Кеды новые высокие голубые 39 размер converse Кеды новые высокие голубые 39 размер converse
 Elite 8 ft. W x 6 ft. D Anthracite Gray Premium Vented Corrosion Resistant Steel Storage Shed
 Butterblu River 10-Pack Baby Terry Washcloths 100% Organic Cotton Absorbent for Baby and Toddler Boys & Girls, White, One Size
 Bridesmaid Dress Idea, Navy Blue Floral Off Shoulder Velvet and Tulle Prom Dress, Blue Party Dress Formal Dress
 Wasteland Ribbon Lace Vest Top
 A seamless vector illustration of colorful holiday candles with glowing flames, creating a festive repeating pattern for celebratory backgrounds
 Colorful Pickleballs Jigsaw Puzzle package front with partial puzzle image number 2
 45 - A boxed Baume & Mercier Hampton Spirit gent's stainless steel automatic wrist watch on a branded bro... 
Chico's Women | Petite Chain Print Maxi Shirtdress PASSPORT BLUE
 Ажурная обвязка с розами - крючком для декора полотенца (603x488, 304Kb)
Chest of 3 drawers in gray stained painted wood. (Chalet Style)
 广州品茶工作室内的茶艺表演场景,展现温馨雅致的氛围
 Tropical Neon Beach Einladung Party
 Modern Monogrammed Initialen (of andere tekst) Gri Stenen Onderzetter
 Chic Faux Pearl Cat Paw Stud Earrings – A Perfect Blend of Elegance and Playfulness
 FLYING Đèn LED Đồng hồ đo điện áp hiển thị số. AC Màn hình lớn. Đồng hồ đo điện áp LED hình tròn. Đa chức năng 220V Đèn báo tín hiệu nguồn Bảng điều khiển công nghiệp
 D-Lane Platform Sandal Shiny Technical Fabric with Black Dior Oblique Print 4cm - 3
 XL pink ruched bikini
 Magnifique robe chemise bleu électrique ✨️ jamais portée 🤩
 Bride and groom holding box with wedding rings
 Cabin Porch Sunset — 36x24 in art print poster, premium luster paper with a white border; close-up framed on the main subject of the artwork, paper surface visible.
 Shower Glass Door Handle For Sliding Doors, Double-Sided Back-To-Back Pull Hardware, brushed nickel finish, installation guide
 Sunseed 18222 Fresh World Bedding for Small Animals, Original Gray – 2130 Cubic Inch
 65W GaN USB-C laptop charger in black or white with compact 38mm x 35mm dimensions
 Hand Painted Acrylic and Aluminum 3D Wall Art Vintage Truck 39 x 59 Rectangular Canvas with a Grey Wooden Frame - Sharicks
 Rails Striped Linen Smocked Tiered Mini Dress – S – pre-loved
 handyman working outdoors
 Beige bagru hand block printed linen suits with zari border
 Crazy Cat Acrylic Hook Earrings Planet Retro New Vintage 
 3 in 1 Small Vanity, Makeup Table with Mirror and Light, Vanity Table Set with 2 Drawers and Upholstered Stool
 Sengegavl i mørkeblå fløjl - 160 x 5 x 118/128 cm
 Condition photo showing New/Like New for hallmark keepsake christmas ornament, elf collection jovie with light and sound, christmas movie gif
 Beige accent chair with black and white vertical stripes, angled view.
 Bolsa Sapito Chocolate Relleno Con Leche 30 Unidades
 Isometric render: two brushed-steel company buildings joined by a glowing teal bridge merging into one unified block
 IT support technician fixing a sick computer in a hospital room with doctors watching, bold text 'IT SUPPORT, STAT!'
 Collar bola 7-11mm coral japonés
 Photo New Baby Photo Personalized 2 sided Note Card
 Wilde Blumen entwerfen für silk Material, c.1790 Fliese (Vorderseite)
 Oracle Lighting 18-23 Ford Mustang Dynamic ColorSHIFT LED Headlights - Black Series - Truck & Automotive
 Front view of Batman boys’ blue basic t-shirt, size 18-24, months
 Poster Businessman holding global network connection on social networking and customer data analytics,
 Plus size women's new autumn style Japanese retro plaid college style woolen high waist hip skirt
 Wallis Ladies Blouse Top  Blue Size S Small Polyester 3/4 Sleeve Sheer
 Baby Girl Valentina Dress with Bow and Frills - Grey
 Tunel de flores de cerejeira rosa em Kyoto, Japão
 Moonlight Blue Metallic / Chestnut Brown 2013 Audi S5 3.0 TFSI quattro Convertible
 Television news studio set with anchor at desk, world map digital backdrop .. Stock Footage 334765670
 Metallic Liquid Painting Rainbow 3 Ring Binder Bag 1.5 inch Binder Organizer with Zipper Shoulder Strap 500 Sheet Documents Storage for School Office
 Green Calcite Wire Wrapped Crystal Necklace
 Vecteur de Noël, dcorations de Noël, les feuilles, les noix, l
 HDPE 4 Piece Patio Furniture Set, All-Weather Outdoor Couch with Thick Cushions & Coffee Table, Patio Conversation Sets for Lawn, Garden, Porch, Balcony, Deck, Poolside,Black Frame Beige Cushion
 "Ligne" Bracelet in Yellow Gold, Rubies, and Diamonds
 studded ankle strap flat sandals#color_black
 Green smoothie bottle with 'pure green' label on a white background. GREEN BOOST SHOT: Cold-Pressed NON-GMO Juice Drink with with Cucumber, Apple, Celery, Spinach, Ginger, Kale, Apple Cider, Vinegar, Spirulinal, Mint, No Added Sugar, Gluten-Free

****************

Assignment – Would you print exactly, and only, the lines of the data above from the line with "3 in 1 Small" through the line with "Rubies, and Diamonds", inclusive?

Result of this task –
 3 in 1 Small Vanity, Makeup Table with Mirror and Light, Vanity Table Set with 2 Drawers and Upholstered Stool
 Sengegavl i mørkeblå fløjl - 160 x 5 x 118/128 cm
 Condition photo showing New/Like New for hallmark keepsake christmas ornament, elf collection jovie with light and sound, christmas movie gif
 Beige accent chair with black and white vertical stripes, angled view.
 Bolsa Sapito Chocolate Relleno Con Leche 30 Unidades
 Isometric render: two brushed-steel company buildings joined by a glowing teal bridge merging into one unified block
 IT support technician fixing a sick computer in a hospital room with doctors watching, bold text 'IT SUPPORT, STAT!'
 Collar bola 7-11mm coral japonés
 Photo New Baby Photo Personalized 2 sided Note Card
 Wilde Blumen entwerfen für silk Material, c.1790 Fliese (Vorderseite)
 Oracle Lighting 18-23 Ford Mustang Dynamic ColorSHIFT LED Headlights - Black Series - Truck & Automotive
 Front view of Batman boys’ blue basic t-shirt, size 18-24, months
 Poster Businessman holding global network connection on social networking and customer data analytics,
 Plus size women's new autumn style Japanese retro plaid college style woolen high waist hip skirt
 Wallis Ladies Blouse Top  Blue Size S Small Polyester 3/4 Sleeve Sheer
 Baby Girl Valentina Dress with Bow and Frills - Grey
 Tunel de flores de cerejeira rosa em Kyoto, Japão
 Moonlight Blue Metallic / Chestnut Brown 2013 Audi S5 3.0 TFSI quattro Convertible
 Television news studio set with anchor at desk, world map digital backdrop .. Stock Footage 334765670
 Metallic Liquid Painting Rainbow 3 Ring Binder Bag 1.5 inch Binder Organizer with Zipper Shoulder Strap 500 Sheet Documents Storage for School Office
 Green Calcite Wire Wrapped Crystal Necklace
 Vecteur de Noël, dcorations de Noël, les feuilles, les noix, l
 HDPE 4 Piece Patio Furniture Set, All-Weather Outdoor Couch with Thick Cushions & Coffee Table, Patio Conversation Sets for Lawn, Garden, Porch, Balcony, Deck, Poolside,Black Frame Beige Cushion
 "Ligne" Bracelet in Yellow Gold, Rubies, and Diamonds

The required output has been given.